Outre leur fonction, il faut également souligner que ces fonctionnaires sont soumis à toutes sortes d’injonctions (politique, associatives, communautaires) et de contraintes, implicites ou explicites, qui généralement leur interdisent toute innovation utile et toute initiative créatrice.

Cela signifie donc qu’une classe d’intellectuels, de penseurs, de leaders d’opinions éclairés doivent se saisir des rênes de l’histoire pour en orienter le cours vers une destination raisonnable, sage et fidèle à l’image, la seule, que l’on puisse se faire de l’islam : une religion de paix, de vérité et de justice.

Mais la première condition n’est pas suffisante.

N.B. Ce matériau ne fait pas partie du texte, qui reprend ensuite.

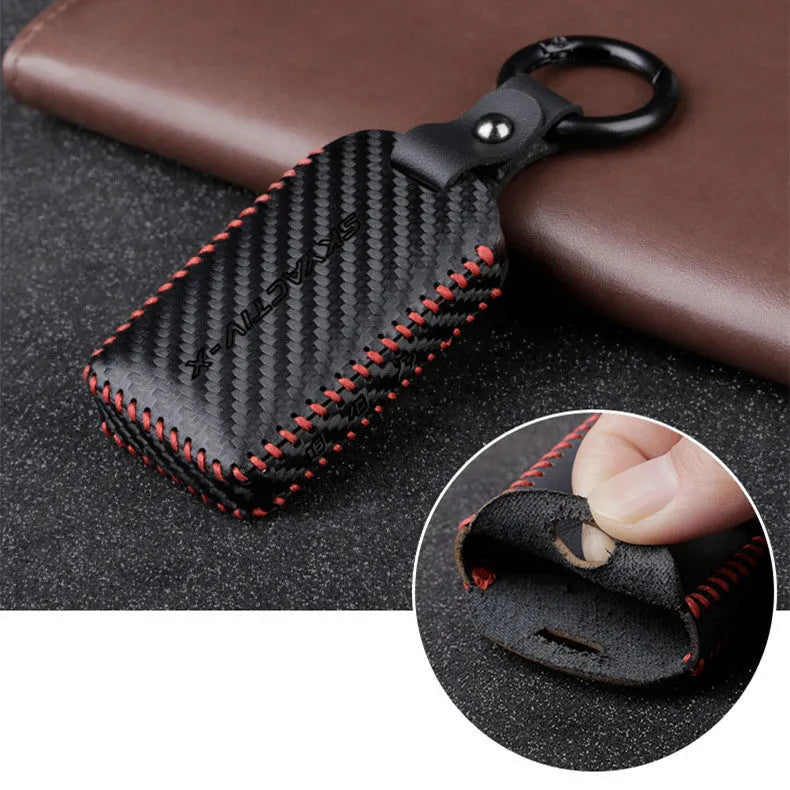 Black cow leather car key case for Angkersaila with 3D carbon fibre pattern and red line option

Le problème n’est pas seulement une question de statut, c’est aussi une question de valeurs, de principes et de qualités qu’il est impératif de pouvoir porter. Outre la rigueur, le courage est indéniablement l’une d’elles et celle-ci suppose la liberté et l’indépendance.

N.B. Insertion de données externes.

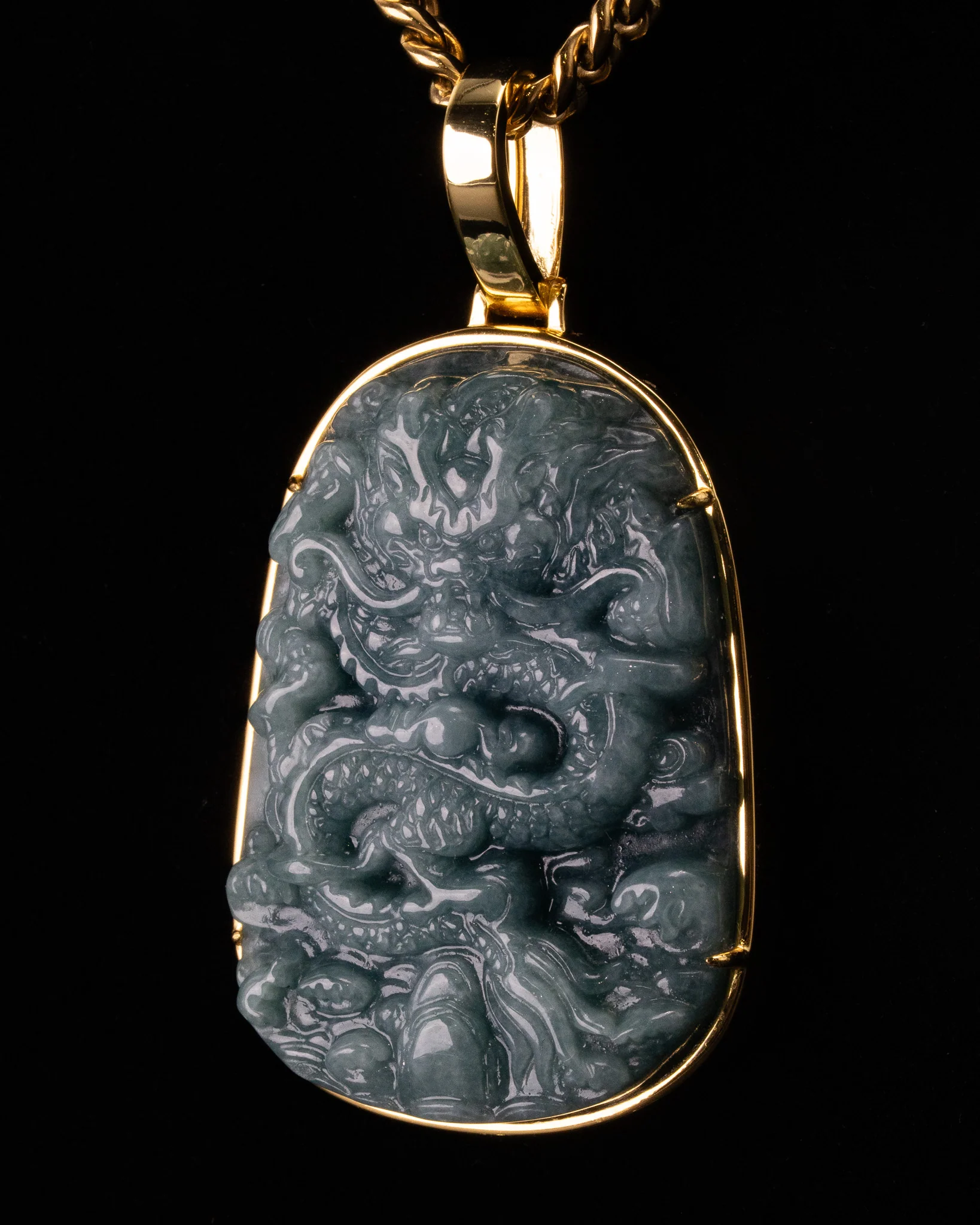 Golden Dragon Flying over 4 Seas Jade Pendant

On connaît trop bien le coût qu’une authentique liberté responsable mais créatrice impose à ceux qui s’aventureraient à l’exercer.

Cette exigence d’autonomie et de liberté implique immédiatement une autre condition : les intellectuels musulmans qui ont à cœur de faire renaître culturellement l’Islam se doivent de prendre leurs distances avec toute sorte d’Etats ou d’organisations politico-religieuse s’ils veulent pouvoir obtenir des résultats et échapper à des agendas qui ne sont pas les leurs.

Le principe de prudence intellectuelle est aussi indispensable à cette entreprise de refondation belle et noble, mais risquée : il garantira la préservation de toute forme de dogmatisme qui a fait tant de mal aux musulmans.

Le renoncement théologique des chercheurs 

Si le changement ne viendra pas des castes religieuses, il ne viendra pas non plus des universitaires musulmans et des chercheurs académiques, emmurés dans les geôles savantes de l’agnosticisme séculier, ligotés par toutes sortes de méthodologies matérialistes qui restreignent leur rapport à la connaissance et à la vérité.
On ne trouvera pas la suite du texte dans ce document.